Possible blocker for general PostgreSQL upgrade strategy

PostgreSQL upgrade with (near) zero downtime

In order to fulfill the requirements of executing database upgrade without (or very minimal) user facing downtime, the following procedure was chosen.

A second cluster, TARGET, is created as carbon copy of SOURCE
TARGET is synchronized to SOURCE via physical replication
TARGET is converted to sync via logical replication
TARGET is upgraded to newer major version
- upgrade takes some time
- cluster is no longer in sync
TARGET is synced and kept in synced via logical replication (asynchronously)
- logical replication takes time and is resource intensive

At this point we have two clusters,SOURCE running the old major version, TARGET the new. Both clusters are synced asynchronously, so small delays are to be accepted.
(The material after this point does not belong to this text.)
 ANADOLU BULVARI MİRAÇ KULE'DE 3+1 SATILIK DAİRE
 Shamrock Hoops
Logical replication is less performant, so the delays are higher than between the physically replicate nodes within one cluster.
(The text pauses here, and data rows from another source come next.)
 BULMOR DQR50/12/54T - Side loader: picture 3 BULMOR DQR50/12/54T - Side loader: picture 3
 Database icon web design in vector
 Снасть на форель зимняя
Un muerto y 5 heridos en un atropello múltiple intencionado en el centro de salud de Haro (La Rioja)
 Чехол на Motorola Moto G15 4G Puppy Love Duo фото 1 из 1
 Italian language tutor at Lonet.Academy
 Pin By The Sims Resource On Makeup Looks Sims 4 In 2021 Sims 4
Now we need to decide if and when the application traffic should be routed to TARGET.

We could just make a hard cut and redirect all traffic to the new cluster at one point in time. If the cluster is not performing, this becomes a user facing problem, potentially hard to solve.
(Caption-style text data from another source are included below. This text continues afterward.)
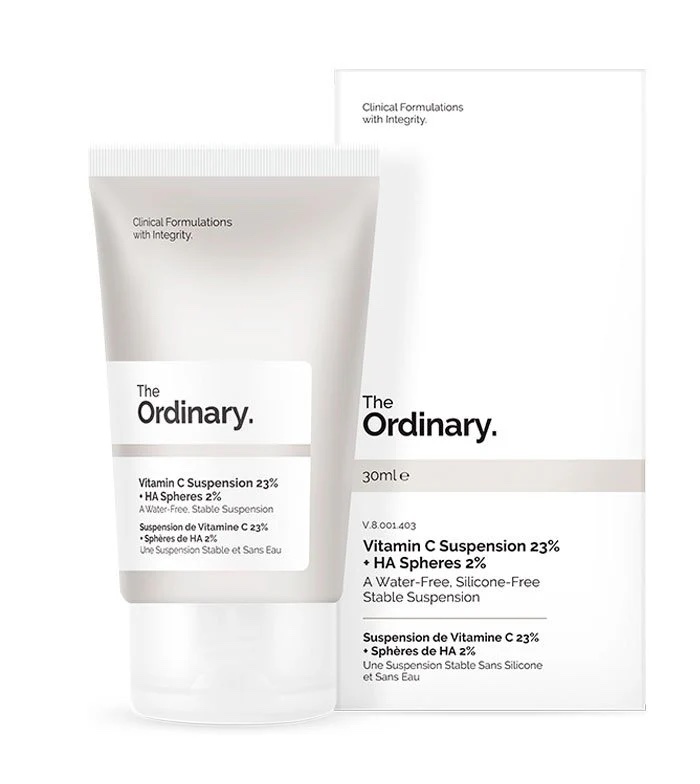 The Ordinary Vitamin C Suspension 23% + Ha Spheres 2% 30ml
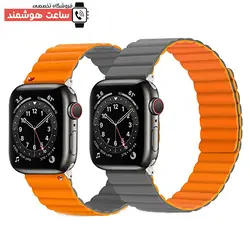 خرید بند سیلیکون لینک اپل واچ - Apple Watch Silicone Link Strap - فروشگاه تخصصی ساعت هوشمند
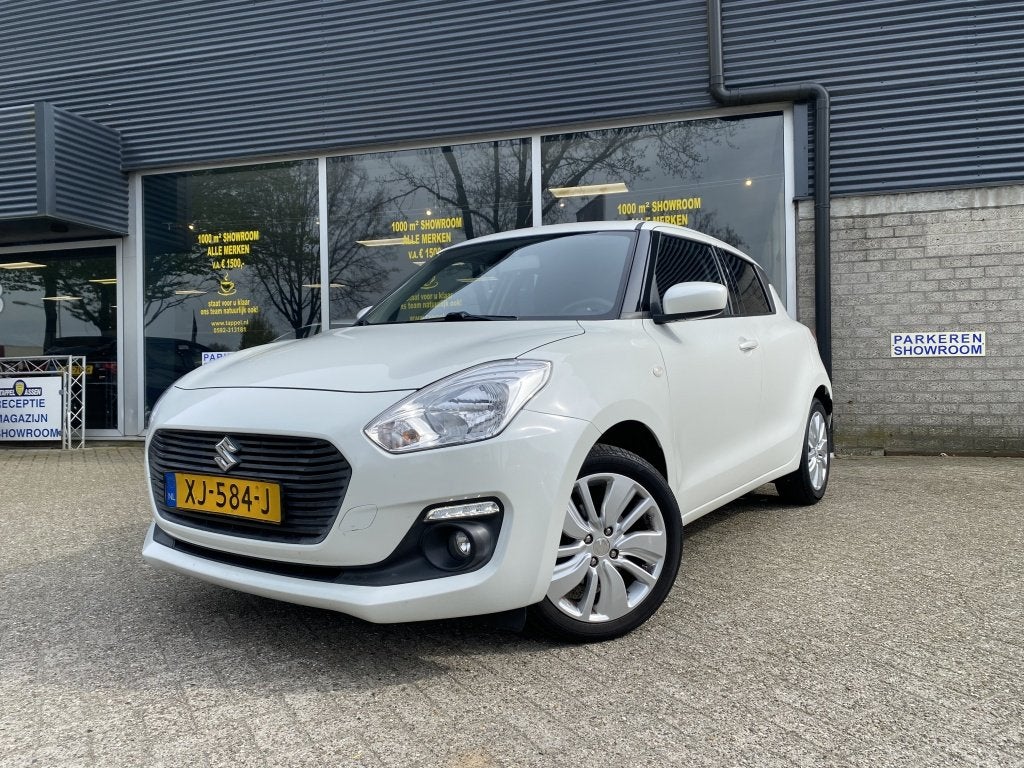 Suzuki Swift 1.2 Select Stoelverwarming/Carplay/L.M., Auto's, Voorwielaandrijving, Gebruikt, 4 cilinders, 400 kg
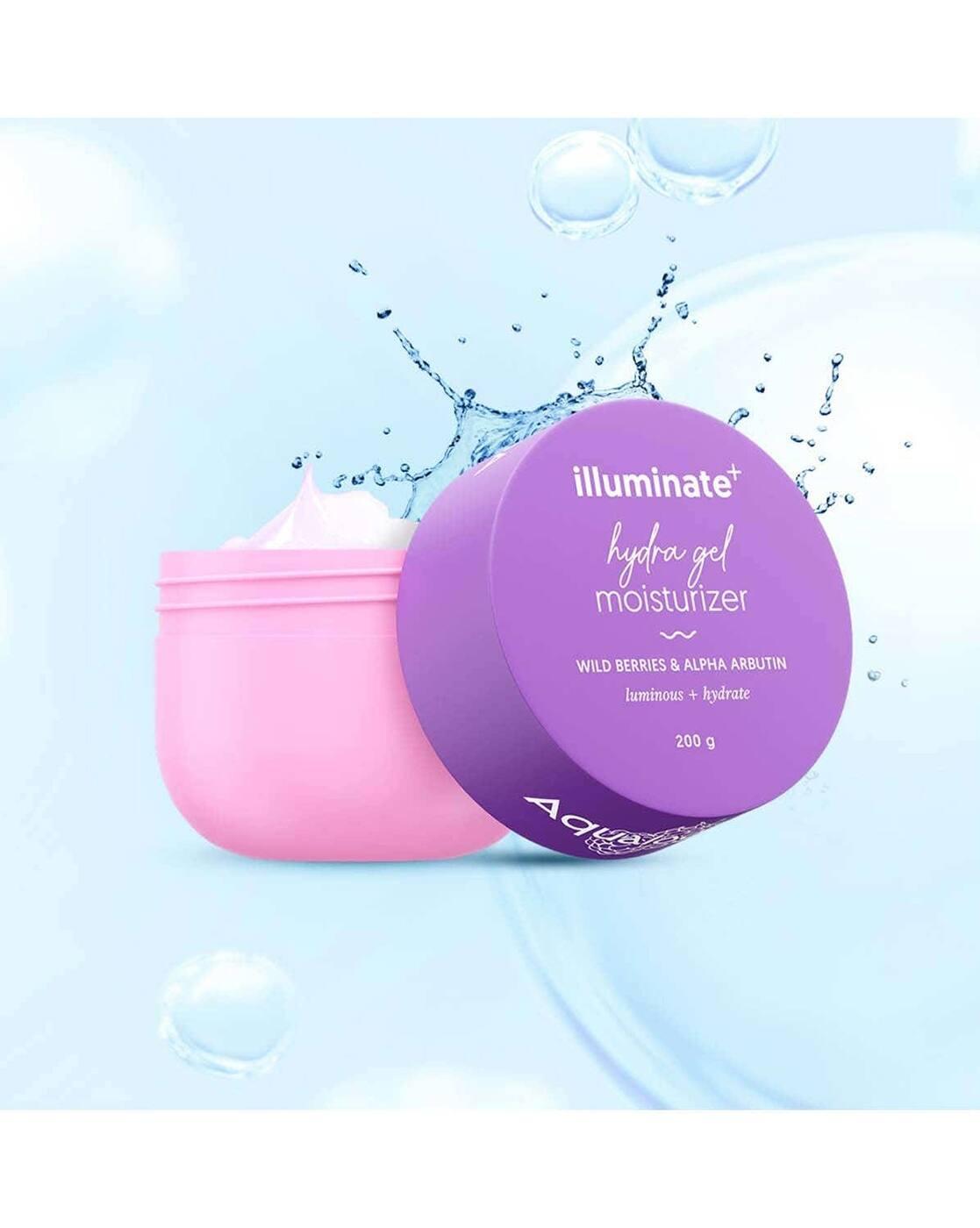 Illuminate + Hydra Gel Moisturizer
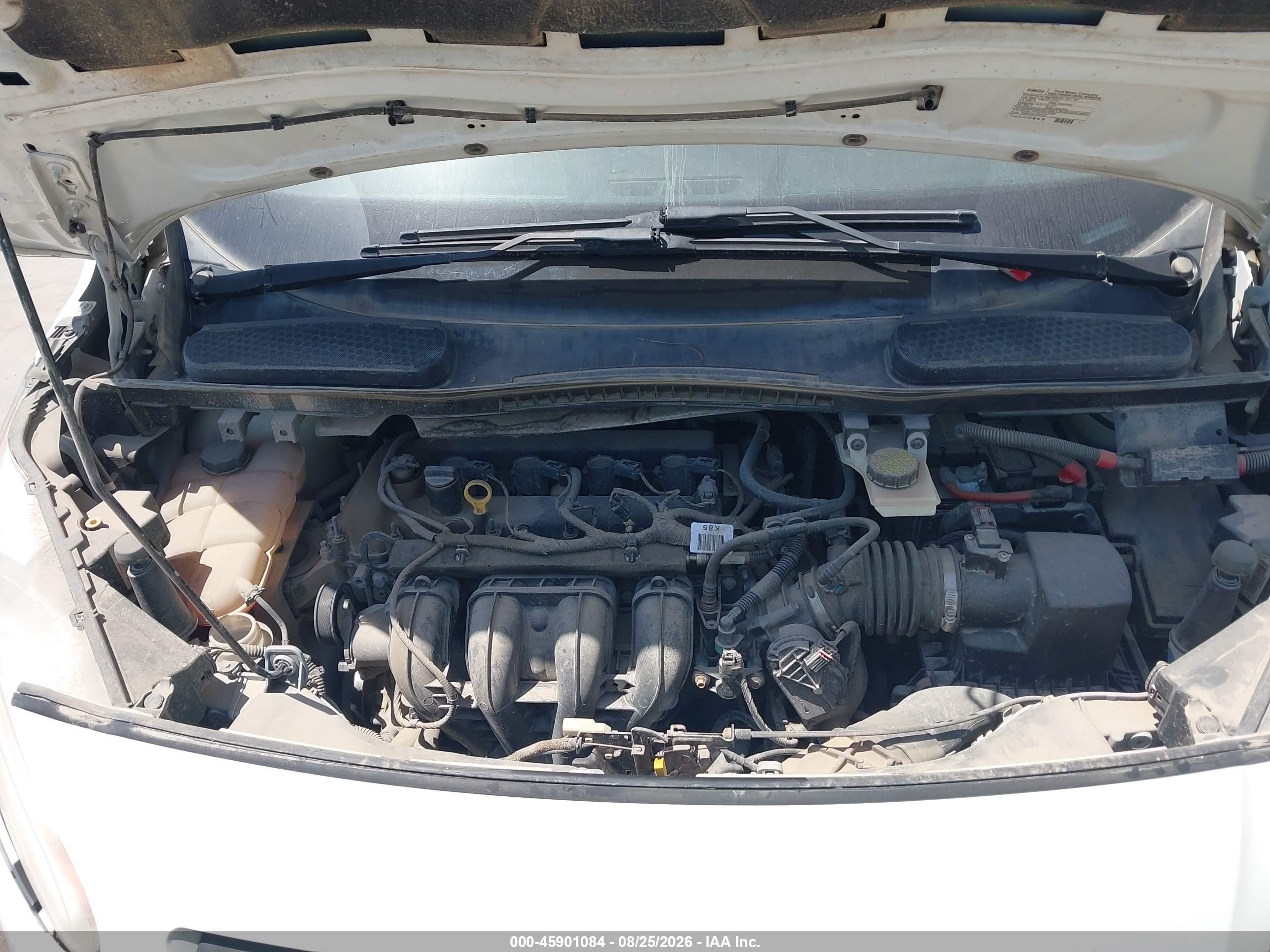 2017 Ford Transit Connect Xlt Белый vin: NM0LS7F70H1328767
Therefor the TARGET cluster is tested before the switchover is performed.

Standby nodes of the TARGET cluster are included in the load balancing
Standby nodes of the SOURCE cluster are removed from load balancing
- All write load is handled by SOURCE primary
- All read-only transactions are handled by TARGET standbys
Tests are made, metrics are monitored during the process
When certain everything works as expected, the write load will also be routed to TARGET

Upgrade Flowchart

flowchart TB
    subgraph Prepare new enviroment
    A[Create new cluster $TARGET as a carbon copy of the one to upgrade, $SOURCE.] --> B
    B[Attach $TARGET as a standby-only-cluster to $SOURCE via physical replication.] --> C
    end
    C[Make sure both clusters are in sync.] --> D1
    subgraph Upgrade: ansible-playbook upgrade.yml
    D1[Disable Chef] --> D
    D[Change from physical replication to logical.] --> E
    E[Make sure both clusters are in sync again.] --> G
    end
    G[Upgrade $TARGET to new version via pg_upgrade.] --> H
    subgraph Prepare switchover
    H[Make sure both clusters are in sync again.] --> I
    I[Merge Chef MRs so $TARGET uses roles for new PostgreSQL version] --> K
    K[Enable Chef, run Chef-Client] --> L
    L[Make sure Chef finished sucessfully and cluster is still operational] --> M
    M[Disable Chef again] --> N
    end
    N[Check metrics and sanity checks are as expectet] --> O
    subgraph Switchover: ansible-playbook switchover.yml
    O[Redirect RO traffic to $TARGET standbys in addition to $SOURCE] --> P
    P[Check if cluster is operational and metrics are normal] --"Normal"--> Q
    P --"Abnormal"-->GR
    Q[Redirect RO only to $TARGET] --> R
    R[Check if cluster is operational and metrics are normal] --"Normal"--> S
    R --"Abnormal"--> GR
    S[Quality team verify their tests run as expectet] --"Normal"--> T
    S --"Abnormal"-->GR
    end
    T[Switchover: Redirect RW traffict to $TARGET] --> U1
    subgraph Post Switchover Verification
    U1[Check if cluster is operational and metrics are normal]--"Normal"--> U2
    U1 --"Abnormal"--> LR
    U2[Enable Chef, run Chef-Client] --"Normal"--> U3
    U2 --"Abnormal"--> LR
    U3[Check if cluster is operational and metrics are normal,\nvalidate for $point_of_no_return minutes] --"Normal"--> Success
    U3 --"Abnormal"--> LR
    Success[Success!]
    end
    subgraph GR[Gracefull Rollback - no dataloss]
    GR1[Start gracefull rollback]
    end
    subgraph LR[Late Rollback - DATALOSS up to $point_of_no_return minutes]
    LR1[Start late rollback]
    end

Multi-Version Problem

During the process we have a window where:

All write and some read transactions are handled by SOURCE, running version x (PG12)
Some read transactions are handled by TARGET, running version y (PG14)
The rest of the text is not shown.